A simple data structure for indexing text files.

Created by Peter Kankowski
Last changed
Filed under Algorithms

Share on social sitesReddit Digg Delicious Buzz Facebook Twitter

Suffix array for full-text search

A reader asked by email if it's effective to store a full-text search index in a DAWG and how does it compare with using a trie.

DAWG is useful when you need a fuzzy search, e.g. for ignoring possible typos or spelling correction. If you don't need this, you can use a simpler data structure called suffix array.

The data structure

Let's break the text into words and place a pointer to the beginning of each word into an array. Then, sort the array alphabetically. If any two words are equal, compare the next words ("I am" will come before "I say").

When I say that I am in the habit of going to sea

I saygoing
thatI am
I amI say

The array contains not the words themselves, but only pointers to them, so it takes a little space.

When searching, use binary search to locate the matching word. The array will provide a pointer to the word in the original text, so you can show the whole sentence just like Google does.

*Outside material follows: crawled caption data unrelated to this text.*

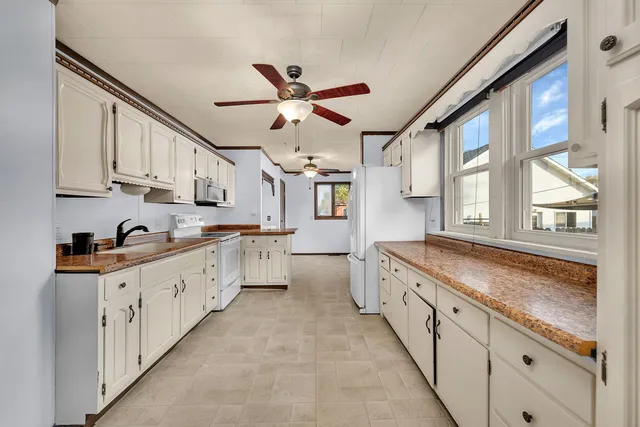 a large kitchen with granite countertop a large window and white stainless steel appliances
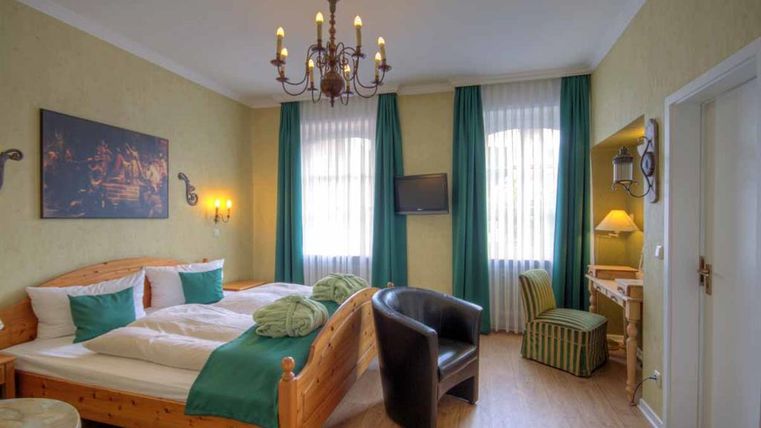 Ein gemütliches Schlafzimmer mit einem Doppelbett und hellgrünen Vorhängen. Der Raum ist geschmackvoll eingerichtet und verfügt über einen Fernseher sowie einen Schreibtisch.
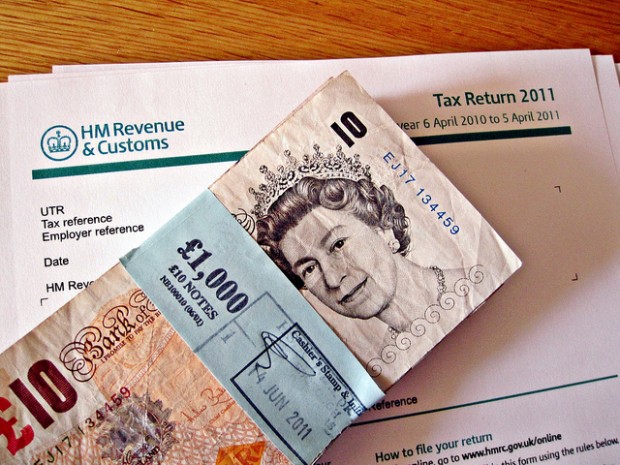 Photo of £1000 cash on top of a 2011 HMRC tax return form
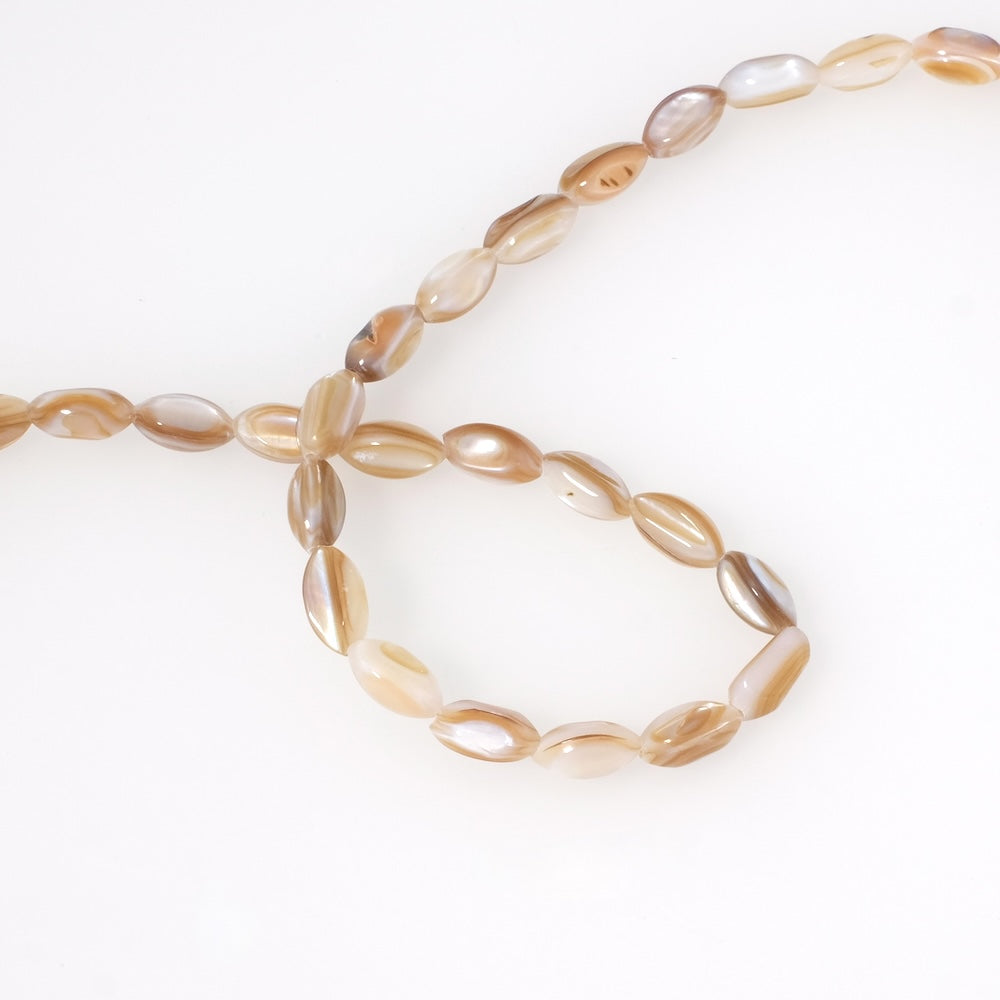 10 oval beads in natural beige Mother-of-Pearl
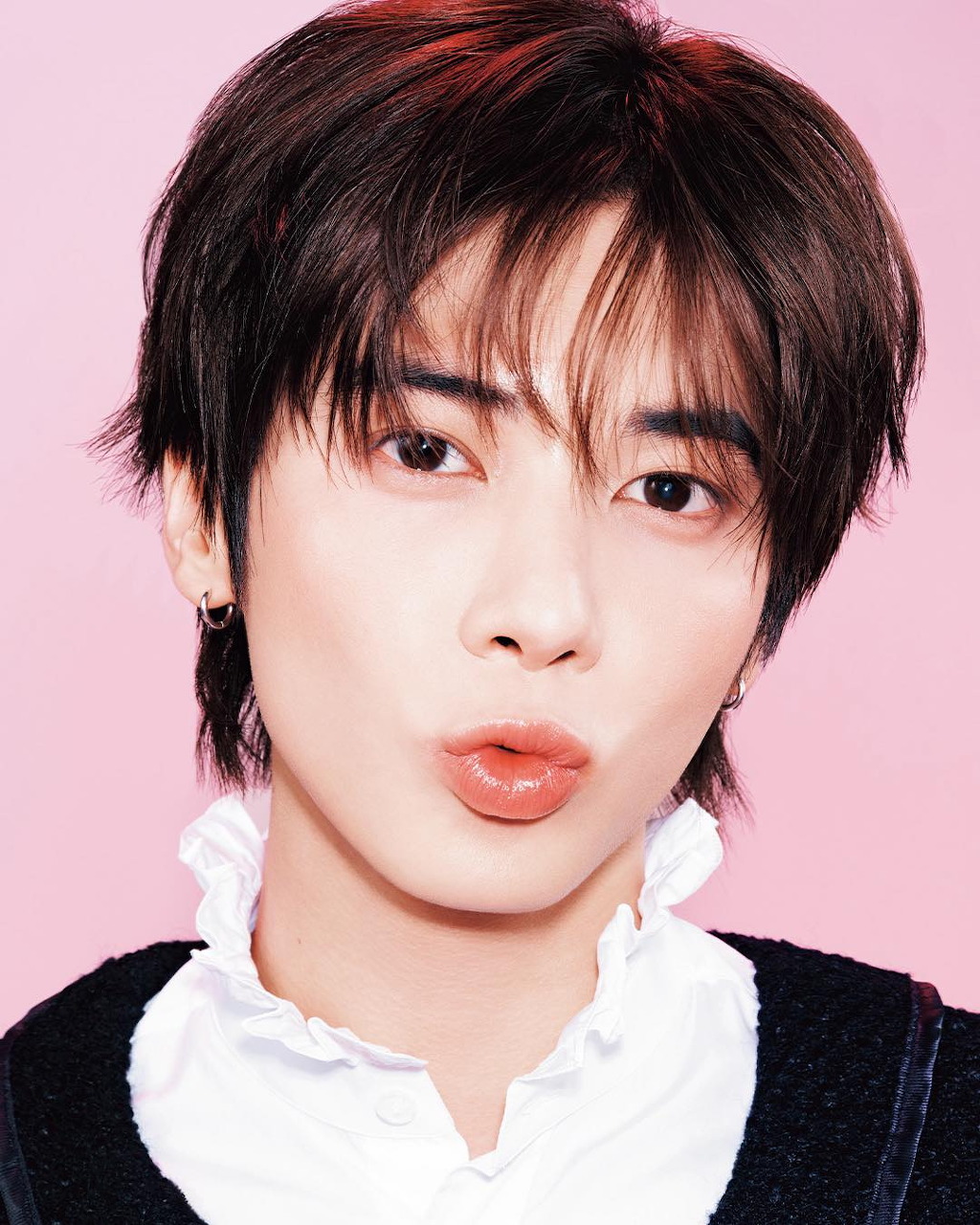 Young man with dark hair and ear stud posing against a pink background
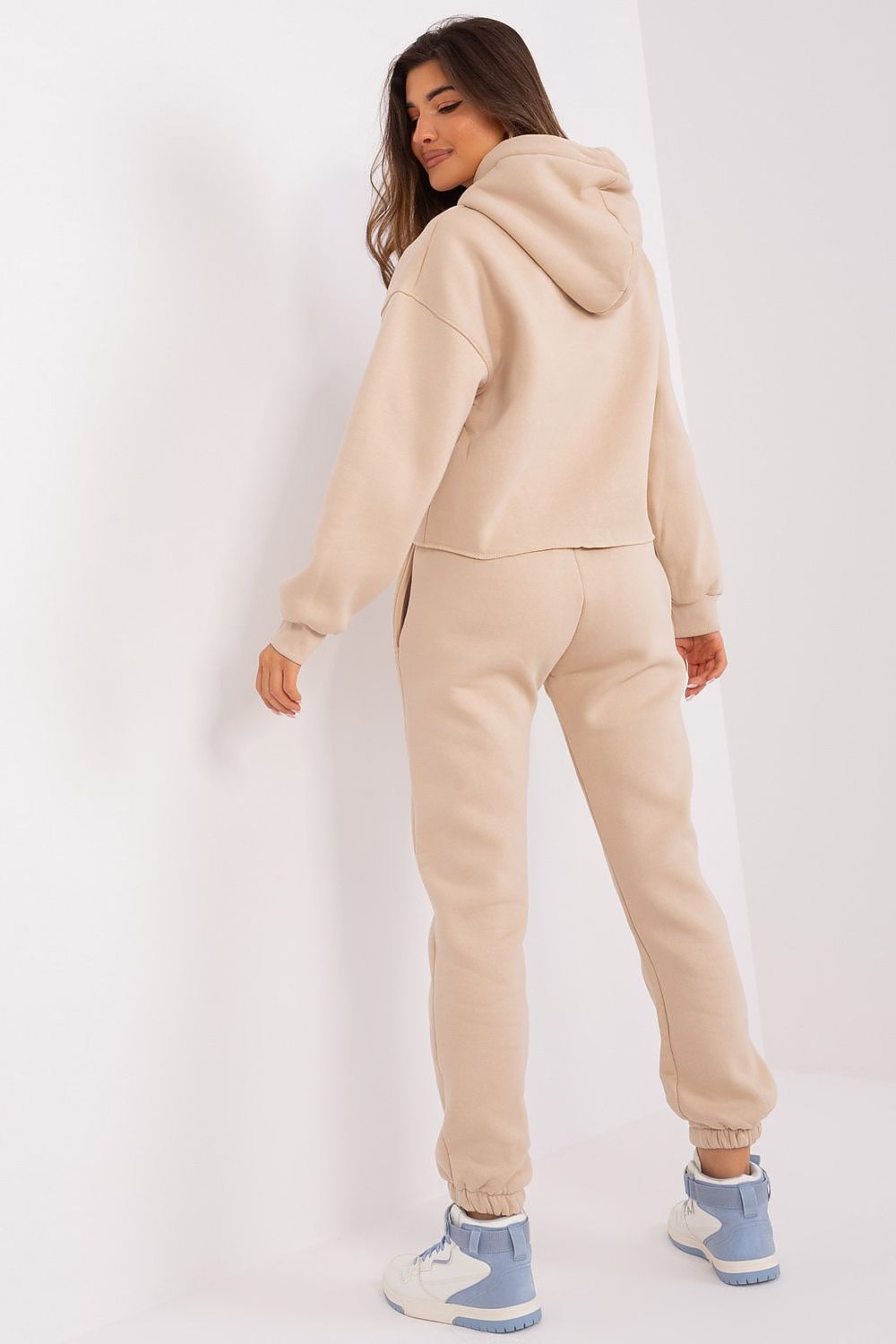 Close-up of Ex Moda's plush cotton blend fabric in the casual tracksuit set, highlighting its sophisticated texture and comfort.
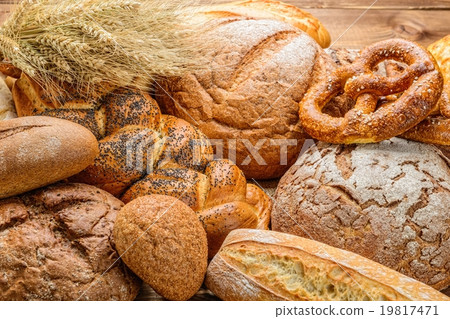 fresh bread  and wheat on the wooden 19817471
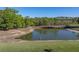 Scenic pond view with wooden bridge and natural surroundings, perfect for a tranquil community setting at 11465 June Briar Loop, San Antonio, FL 33576
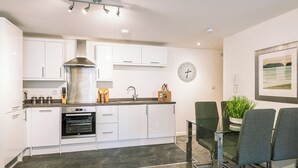 Una cocina moderna con armarios blancos, una campana de acero inoxidable, horno empotrado, un lavamanos y una zona de comedor con mesa y sillas de vidrio.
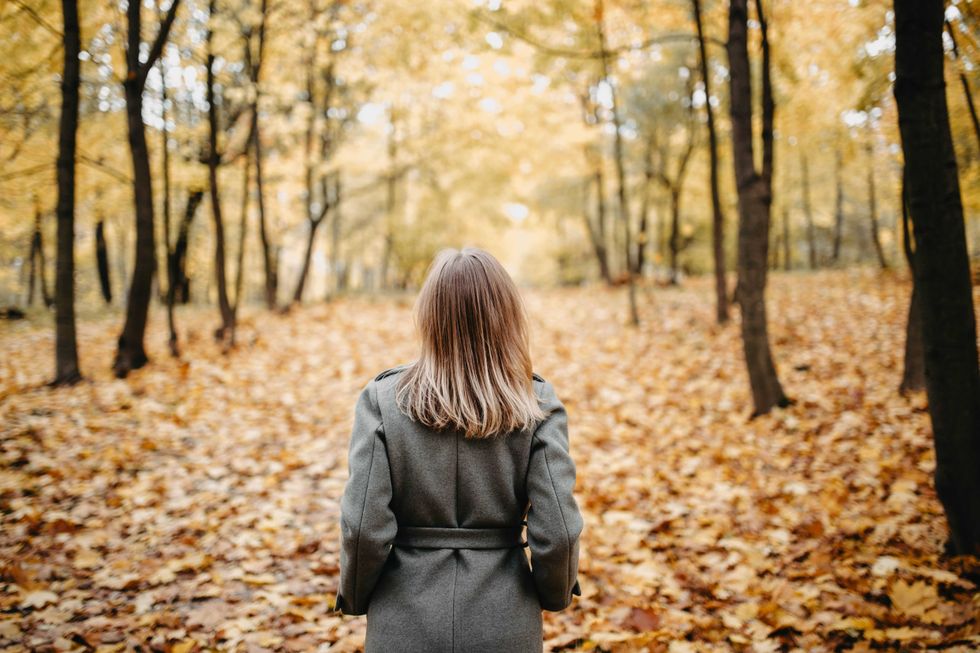 a woman walking down a road covered with fallen leaves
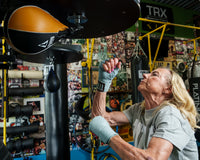 variant:Light Blue::TITLE Boxing Fight Back Semi-Elastic Hand Wraps hitting speed bag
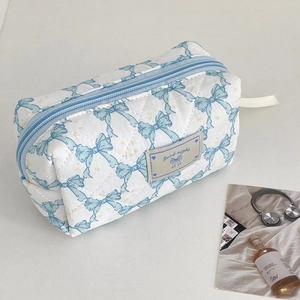 Detail of white quilted makeup bag with blue bow patterns and Good night label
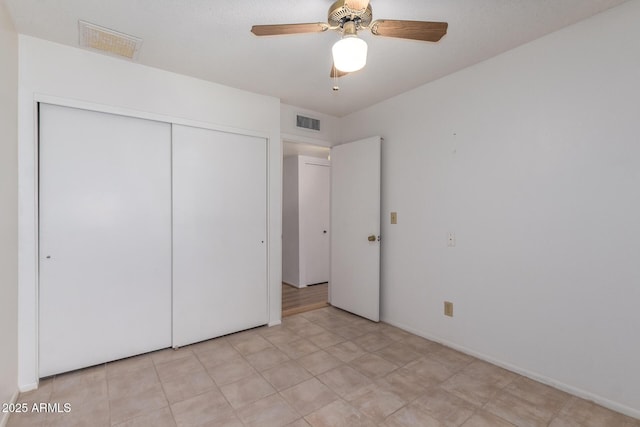 unfurnished bedroom with a closet, visible vents, and a ceiling fan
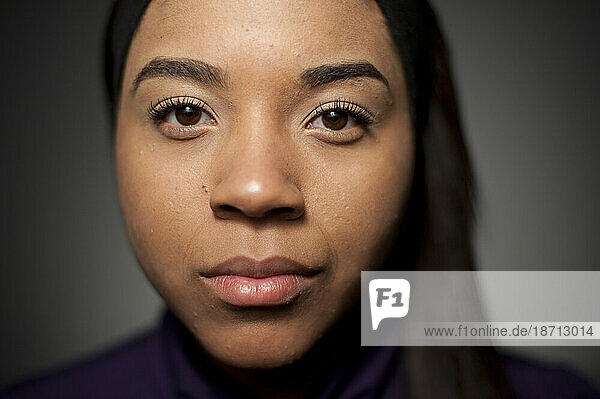 Studio closeup portrait of 21 year old African American woman.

The words that start from the given characters will be returned by default. It's possible to search for multiple words, to match only the whole words, or to ignore case.

Refinements to the algorithm

I found a description of suffix array in Jon Bentley's book Programming Pearls. In the same book, there is a binary search algorithm that always finds the first of repeating elements in an array. I used this algorithm to locate the first matching word, then scanned the array starting from this word and recorded all matching words.

Now we have the list of matches, but it's ordered alphabetically, not by their location in the original text. So I copied the matches into a temporary array and sorted them by pointer value, which is their position in the text.

For allocating the memory for the index, I used the tricks described in my previous article on dynamic arrays.

The demo program builds the index in RAM. In a real program, you may wish to store the index in a file and rebuild it each time the text file is modified. In this case, you need offsets from the beginning of the text file instead of pointers. You can save some space if the text file is small by allocating less bits for the offset. For example, instead of using 32-bit integers, you can store the offset in 24 bits (3 bytes), which will be enough for text files smaller than 16 MB.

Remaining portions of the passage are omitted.